December 8th, 2019 5:08am
This can be very intimidating and you should only do it if you are safe but from my experience you should just go for it and expect lots of questions to come. Have notes mentally prepared on what you what to say and exactly what you are trying to get across. You can also have videos and articles prepared from nonbinary youtubers and creators to help explain more in depth. Just remember, your safety is of the utmost importance and if coming out risk safety or security then do not do it for the time being. Also compromise by coming out to come people but not others. Stay safe, stay frosty
March 21st, 2020 5:02pm
First of all a few questions to consider: Who are you coming out to? How educated on gender and LGBTQ+ topics are they (probably)? Are you financially or otherwise dependent on the people you are planning to come out to? Is it safe to do so? Once you’ve answered these questions for yourself - as best as you can - there are many ways to come out and it has a lot to do with your personal preferences.
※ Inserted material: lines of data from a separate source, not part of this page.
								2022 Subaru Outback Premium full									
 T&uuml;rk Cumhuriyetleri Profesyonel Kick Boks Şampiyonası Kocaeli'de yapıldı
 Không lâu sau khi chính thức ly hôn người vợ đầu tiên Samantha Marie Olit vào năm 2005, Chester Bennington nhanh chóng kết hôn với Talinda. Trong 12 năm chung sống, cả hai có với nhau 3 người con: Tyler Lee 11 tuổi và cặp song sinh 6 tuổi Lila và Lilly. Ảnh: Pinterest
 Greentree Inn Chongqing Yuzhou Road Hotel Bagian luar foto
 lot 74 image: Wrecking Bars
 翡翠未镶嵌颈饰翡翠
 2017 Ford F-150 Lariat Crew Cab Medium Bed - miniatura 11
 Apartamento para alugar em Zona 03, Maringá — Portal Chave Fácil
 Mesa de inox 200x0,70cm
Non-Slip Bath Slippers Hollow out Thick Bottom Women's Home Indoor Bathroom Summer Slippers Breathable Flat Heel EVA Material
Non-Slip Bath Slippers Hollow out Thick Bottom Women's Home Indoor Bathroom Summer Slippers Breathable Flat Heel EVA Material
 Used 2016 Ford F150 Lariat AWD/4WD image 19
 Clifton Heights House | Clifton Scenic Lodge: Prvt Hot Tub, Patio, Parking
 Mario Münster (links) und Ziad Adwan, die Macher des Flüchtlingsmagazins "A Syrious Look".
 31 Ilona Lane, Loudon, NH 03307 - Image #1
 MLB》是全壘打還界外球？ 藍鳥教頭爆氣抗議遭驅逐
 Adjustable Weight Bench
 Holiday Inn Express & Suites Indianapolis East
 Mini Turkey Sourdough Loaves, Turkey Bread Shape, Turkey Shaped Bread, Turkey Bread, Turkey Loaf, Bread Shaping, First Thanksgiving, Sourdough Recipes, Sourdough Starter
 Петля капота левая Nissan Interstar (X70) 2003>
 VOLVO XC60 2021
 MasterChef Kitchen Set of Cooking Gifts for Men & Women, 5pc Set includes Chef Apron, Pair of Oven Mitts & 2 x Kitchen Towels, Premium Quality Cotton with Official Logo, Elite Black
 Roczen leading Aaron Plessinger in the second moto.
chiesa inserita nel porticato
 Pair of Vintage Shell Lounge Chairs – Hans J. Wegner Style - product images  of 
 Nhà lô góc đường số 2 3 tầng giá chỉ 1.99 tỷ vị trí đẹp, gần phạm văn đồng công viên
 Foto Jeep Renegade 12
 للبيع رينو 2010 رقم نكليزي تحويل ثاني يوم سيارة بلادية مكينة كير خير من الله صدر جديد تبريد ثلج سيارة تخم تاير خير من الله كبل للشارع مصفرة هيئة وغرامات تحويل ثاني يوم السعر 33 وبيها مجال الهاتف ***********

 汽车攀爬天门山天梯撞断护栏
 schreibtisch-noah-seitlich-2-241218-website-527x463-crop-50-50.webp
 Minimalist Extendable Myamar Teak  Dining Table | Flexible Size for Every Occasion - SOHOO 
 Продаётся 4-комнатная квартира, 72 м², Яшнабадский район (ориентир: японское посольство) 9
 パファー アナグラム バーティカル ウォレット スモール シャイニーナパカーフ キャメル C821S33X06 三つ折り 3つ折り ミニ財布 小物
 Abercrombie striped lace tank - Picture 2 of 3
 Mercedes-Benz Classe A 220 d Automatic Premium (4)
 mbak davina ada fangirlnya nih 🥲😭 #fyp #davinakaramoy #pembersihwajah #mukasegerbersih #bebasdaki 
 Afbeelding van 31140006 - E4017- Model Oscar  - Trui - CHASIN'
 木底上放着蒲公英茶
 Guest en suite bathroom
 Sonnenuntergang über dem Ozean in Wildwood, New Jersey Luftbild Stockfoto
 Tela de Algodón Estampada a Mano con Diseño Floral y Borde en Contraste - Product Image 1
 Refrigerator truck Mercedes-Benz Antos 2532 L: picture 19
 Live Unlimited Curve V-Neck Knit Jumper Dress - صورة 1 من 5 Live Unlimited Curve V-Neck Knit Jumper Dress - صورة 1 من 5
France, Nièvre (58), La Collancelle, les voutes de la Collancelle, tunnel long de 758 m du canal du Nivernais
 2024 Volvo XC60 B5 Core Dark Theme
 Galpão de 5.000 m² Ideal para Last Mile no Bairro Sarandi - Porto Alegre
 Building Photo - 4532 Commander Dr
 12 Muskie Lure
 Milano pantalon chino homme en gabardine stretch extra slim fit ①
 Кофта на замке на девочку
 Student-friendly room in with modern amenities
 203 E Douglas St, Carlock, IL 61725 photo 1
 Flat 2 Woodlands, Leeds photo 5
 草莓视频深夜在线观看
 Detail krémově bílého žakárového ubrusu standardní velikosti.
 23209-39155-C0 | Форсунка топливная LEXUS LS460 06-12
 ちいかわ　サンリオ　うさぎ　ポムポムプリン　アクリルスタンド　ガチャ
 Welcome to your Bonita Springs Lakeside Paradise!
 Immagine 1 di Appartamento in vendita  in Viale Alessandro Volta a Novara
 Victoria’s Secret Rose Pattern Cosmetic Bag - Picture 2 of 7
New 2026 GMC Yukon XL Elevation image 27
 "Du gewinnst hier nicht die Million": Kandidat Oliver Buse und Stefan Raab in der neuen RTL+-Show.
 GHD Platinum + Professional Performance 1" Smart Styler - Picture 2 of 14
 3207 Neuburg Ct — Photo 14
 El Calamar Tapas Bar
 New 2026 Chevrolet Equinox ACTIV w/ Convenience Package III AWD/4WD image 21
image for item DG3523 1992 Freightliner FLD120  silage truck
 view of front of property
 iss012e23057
You could write a letter, an email, sit down for coffee or dinner with the person you’re coming out to and talk about it or just nonchalantly drop that you are non binary. Some people prefer to come out in a comedic way, maybe there is a funny situation to blurt out the truth about yourself, others have come out in a more serious or prepared way. Maybe you can collect and prepare some easy to understand information on the gender spectrum and queer topics for somebody who might be unaware of all the wonderful things these topics hold. Some people might be more willing to drop their scepticism when you can show them books, celebrities and articles or even talk about friends who are non-binary (only with their explicit permission!). It is always good to remind yourself that none of what has happened or what might happen is your fault. You have the right to be seen and understood the way you are and you deserve to be heard and treated with respect and love no matter what. Now, go forth and spread the pride, you’re amazing!
March 26th, 2020 4:55am
If you are looking to come out, know that you face no pressure in doing so, and you should only do so when you feel completely compelled and ready. For me personally, I came out through the process of discovering myself and I made sure I was coming out to those I knew would support me. Just asking those around you to be open and listen to how you feel may be helpful in your decision to come out. Not everyone will understand it, and a lot of them may have questions, but don't feel you need to be the one to educate them on everything.
April 17th, 2020 2:22pm
It depends on to whom you are disclosing it, but there are several ways to explain, you can show the TV show Queer Eye where Johnathan Van Ness will illustrate one kind of non-binary person. If you plan to come out to all society, well, just be yourself and act as you feel day by day. There are many non-binary examples that you can show friends and family as examples that is OK to express that, I would use Media - something people didn't have available 30 or 40 years ago. Our world is changing, and it's our job to change it to acomodate all of us.